We really need to instantiate the guard before we call _M_need_rehash 
cause it is the method changing the _M_rehash_policy state.

> and we run the destructor unconditionally even if we never call
> _M_rehash.

Here we only want to reset rehash state on exception.

Note that with the 2 rehash policy implementations we provide it doesn't 
matter if we reset or not when we do not call _M_rehash because their 
state changes only when rehash is needed.
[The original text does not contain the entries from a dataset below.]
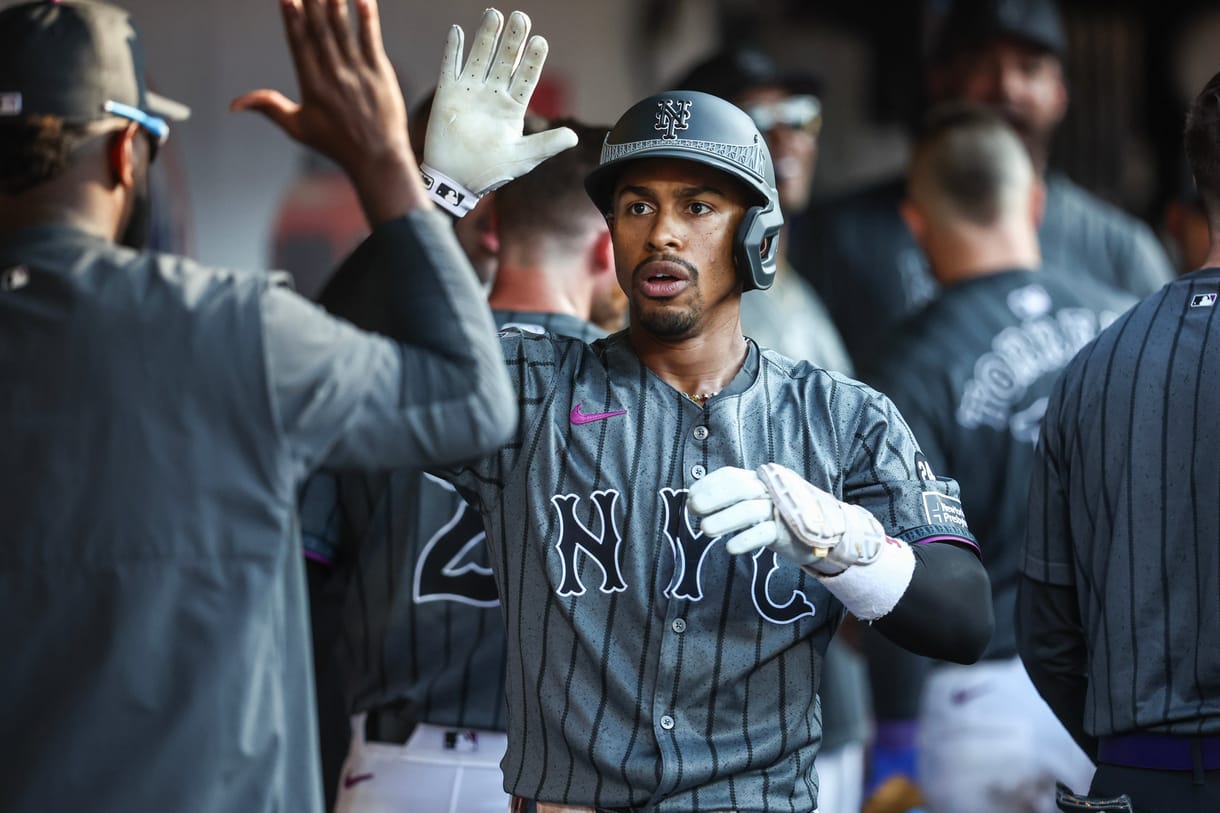 MLB: Colorado Rockies at New York Mets Jul 13, 2024; New York City, New York, USA; New York Mets shortstop Francisco Lindor (12) is greeted in the dugout after hitting a three run home run in the eighth inning against the Colorado Rockies at Citi Field. Mandatory Credit: Wendell Cruz-USA TODAY Sports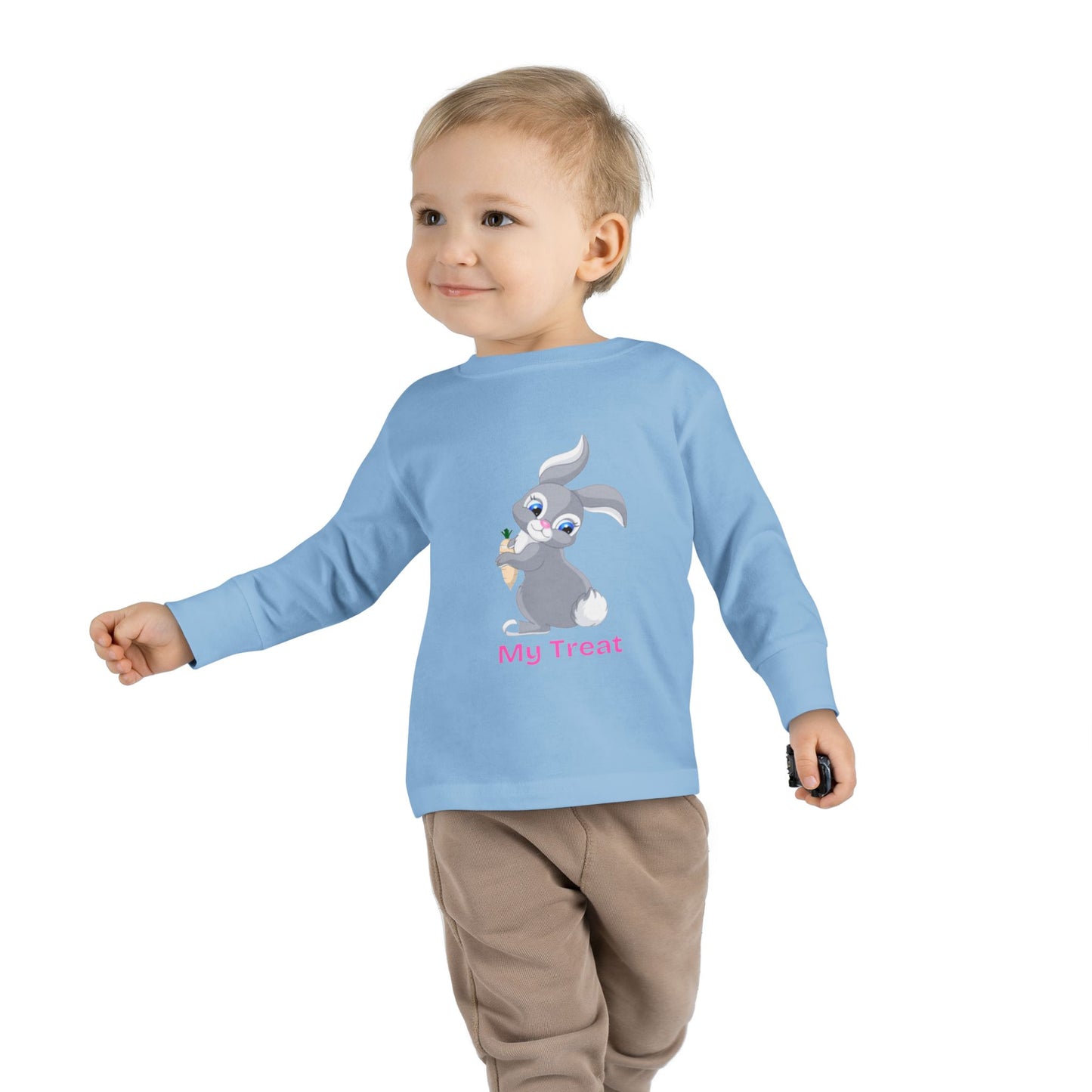 Child wearing a blue long-sleeve shirt with a cartoon character on a white background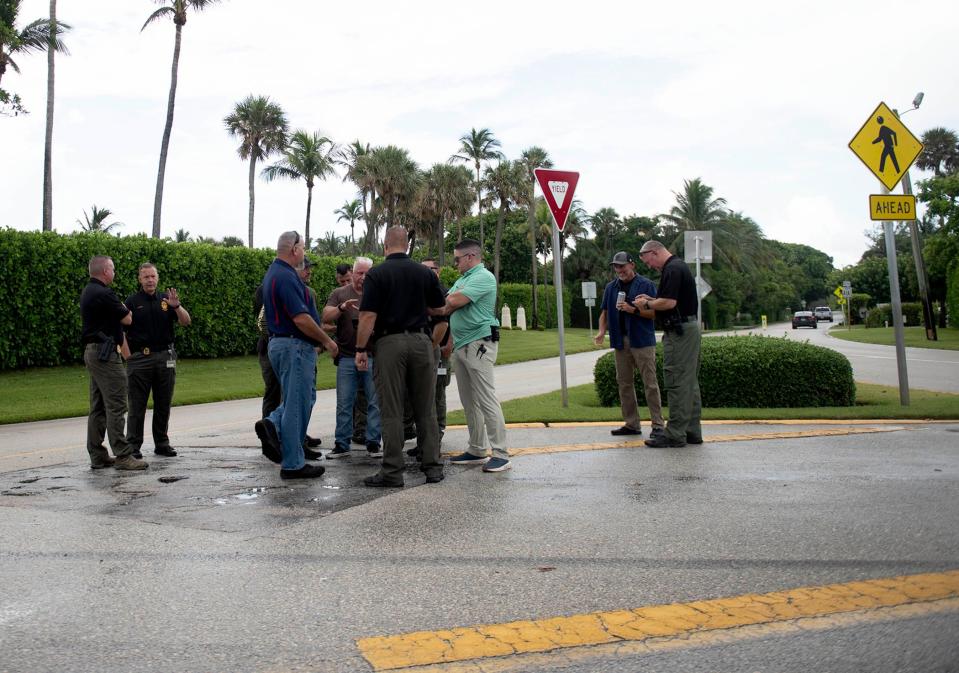 People including members of the Florida Department of Transportation, the Palm Beach County Sheriff's Office and the U.S. Secret Service gather outside of former President Donald Trump's Mar-a-Lago Club near the roundabout at the east end of Southern Boulevard on the morning of July 19. The roundabout will serve as the southern point of an indefinite closure that will extend north along South Ocean Boulevard to South County Road, the Florida Department of Transportation said Friday.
But some user's fancy rehash 
policy might update their state even if no rehash is requested and in 
this case it is better to reset this state only on exception.


> I think that's OK, because _M_need_rehash is noexcept (but
> it's confusing because we have a const overload of _M_need_rehash
> which is noexcept(false) and a non-const overload which is
> noexcept(true) ... should they both be noexcept?)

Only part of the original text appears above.